With the onset of pregnancy blood flow to and fluid retention within the breast increases significantly, often causing sensitivity to touch and the sensations of swelling and soreness.
At approximately six or eight weeks of pregnancy the breasts will begin to increase in size and will continue to do so throughout pregnancy. Soreness and sensitivity to touch will increase at this time as well.
The nipple and areola may become darker in color, which is due to the continued increase in blood flow to the breasts.
At approximately the third or fourth month of pregnancy women may notice some or all of the following:
- Small bumps appear in the areola of the breast. These bumps are the result of the development of small oil glands in the areola.
- The size and extent of the nipples may increase.
- The circumference of the areola will increase.
- The breasts of some women may begin to leak colostrum (also termed premilk), which is a thick, yellowish substance. However, this may occur later in some women, or not at all in others.
As the mother nears the delivery date the composition of the colostrum changes from thick and colored to a less-dense fluid that is quite pale in color.

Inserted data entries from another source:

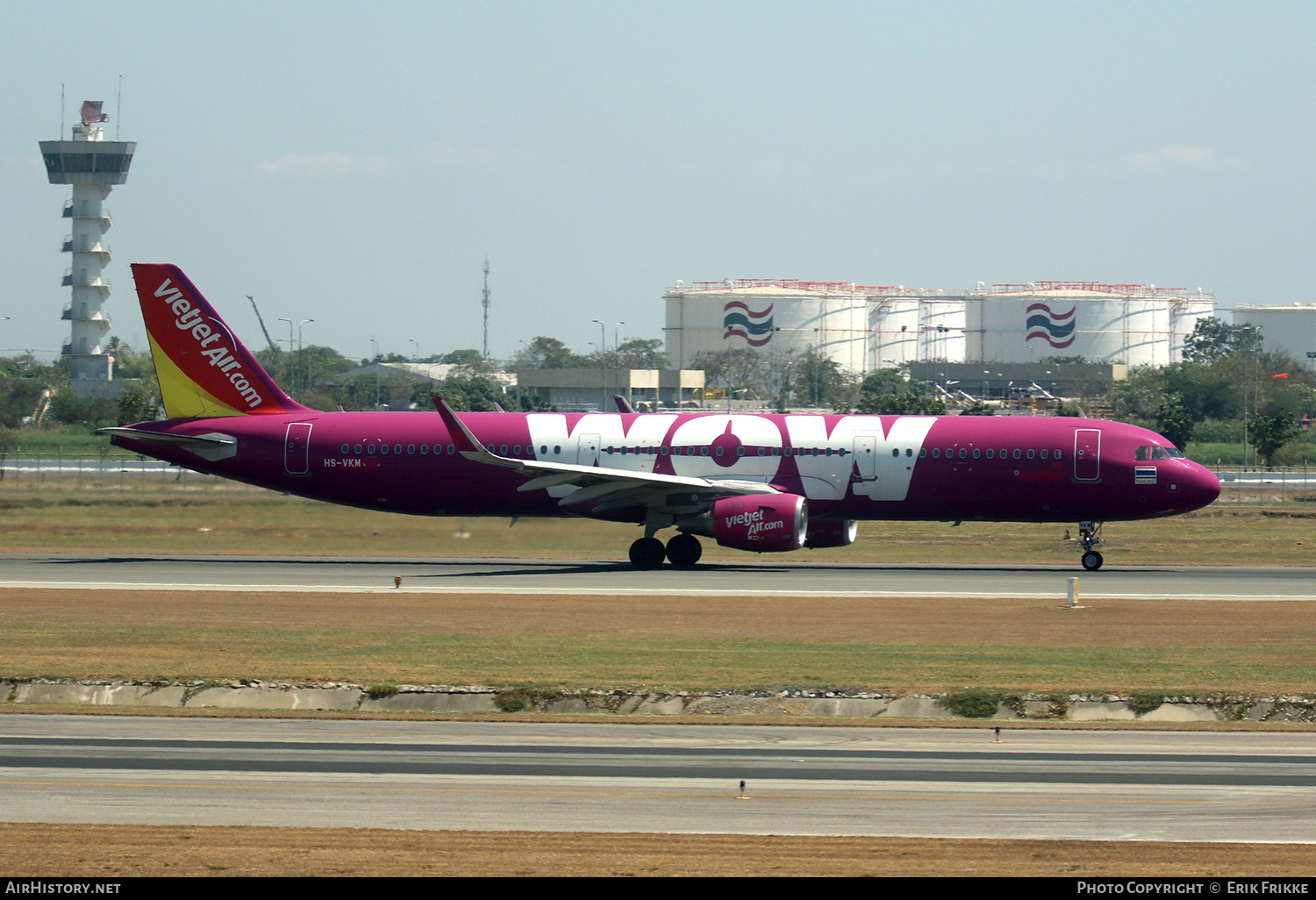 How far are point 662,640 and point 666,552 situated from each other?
13701 millimetres

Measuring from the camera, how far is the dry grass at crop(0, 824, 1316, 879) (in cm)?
1124

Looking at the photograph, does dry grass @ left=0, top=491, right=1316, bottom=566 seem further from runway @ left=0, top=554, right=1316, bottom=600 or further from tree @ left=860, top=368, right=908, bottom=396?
tree @ left=860, top=368, right=908, bottom=396

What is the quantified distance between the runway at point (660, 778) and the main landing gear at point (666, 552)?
62.6 feet

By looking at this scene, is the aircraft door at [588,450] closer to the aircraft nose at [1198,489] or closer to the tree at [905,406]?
the aircraft nose at [1198,489]

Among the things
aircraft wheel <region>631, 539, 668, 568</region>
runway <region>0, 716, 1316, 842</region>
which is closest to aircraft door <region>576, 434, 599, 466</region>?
aircraft wheel <region>631, 539, 668, 568</region>

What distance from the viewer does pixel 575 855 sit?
11719mm

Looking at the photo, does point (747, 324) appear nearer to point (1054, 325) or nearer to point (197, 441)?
point (1054, 325)

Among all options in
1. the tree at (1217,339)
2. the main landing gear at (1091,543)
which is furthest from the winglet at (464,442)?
the tree at (1217,339)

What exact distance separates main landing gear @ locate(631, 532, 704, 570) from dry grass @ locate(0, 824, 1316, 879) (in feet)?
81.6

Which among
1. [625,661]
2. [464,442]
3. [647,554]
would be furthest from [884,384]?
[625,661]

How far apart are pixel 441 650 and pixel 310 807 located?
10.3 meters

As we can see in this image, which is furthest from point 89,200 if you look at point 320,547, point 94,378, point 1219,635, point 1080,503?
point 1219,635

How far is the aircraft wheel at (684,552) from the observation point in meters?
37.9

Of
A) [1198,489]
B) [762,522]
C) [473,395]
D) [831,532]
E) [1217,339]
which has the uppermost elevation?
[1217,339] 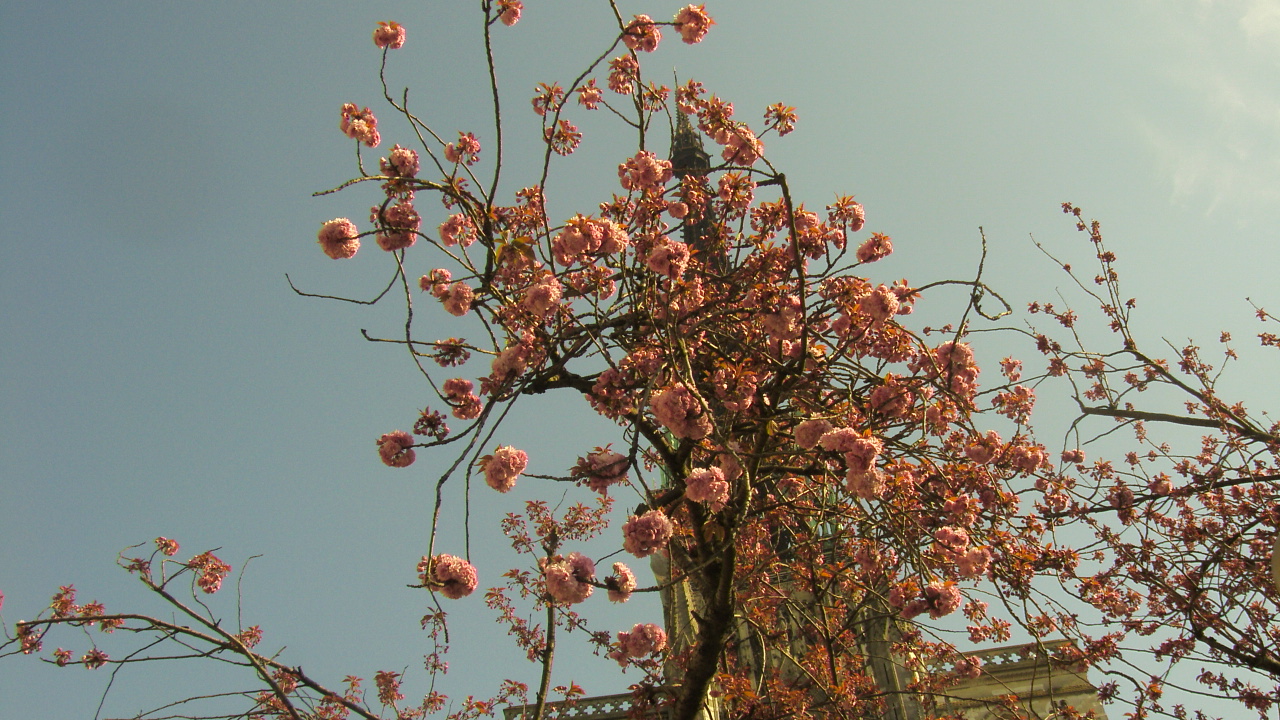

Signs and symptoms of mastitis can, and often do, occur suddenly. The breast swells, becomes tender and warm to the touch. The skin of the breast becomes red, and often displays a wedge-shaped pattern to the coloration. The skin of the breast may appear thicker, and a palpable lump may be noticed within the breast. In addition, pain and/or a burning sensation may be felt by the mother during breast feeding. A fever at or above 101° F (38° C) is not uncommon.
The trapping of milk within the breast, due to a clogged secretory or lactiferous duct, is the most common cause of mastitis. Another cause of mastitis is the introduction of bacteria into the breast through the nipple. Most often the bacteria are introduced into the breast from either the baby’s mouth or the skin of the mother. The bacteria then interact with any stagnant milk within the breast, initiating the infection.
Because a rare form of breast cancer, termed inflammatory breast cancer, can present with symptoms like lactational mastitis, a complete and thorough physical exam will be undertaken. Often a culture of breast milk will be obtained and analyzed, which will enable the physician to prescribe the best form of antibiotic to combat the infection within the breast.
Treatment of mastitis often includes the prescription of antibiotics and pain relievers. Almost all of the time it is safe for both the mother and infant to continue breastfeeding. In addition, the physician may refer the mother to a lactation consultant to work with the mother to adjust her breast-feeding techniques in order to minimize the possibility of another case of mastitis.
Although it is extremely rare, non-lactational mastitis can occur. This condition is a benign, inflammatory condition of the female breast in a woman that is not lactating. This condition involves an inflammation of the lactiferous ducts, and may result in fibrosis, fistulas, abscesses, and scarring of the duct structure of the breast. Treatment of non-lactational mastitis is often similar to that of lactational mastitis.
In most cases a proper diagnosis followed by quick treatment with antibiotics results in the elimination of lactational mastitis with few, if any long-term effects for either the mother or the infant.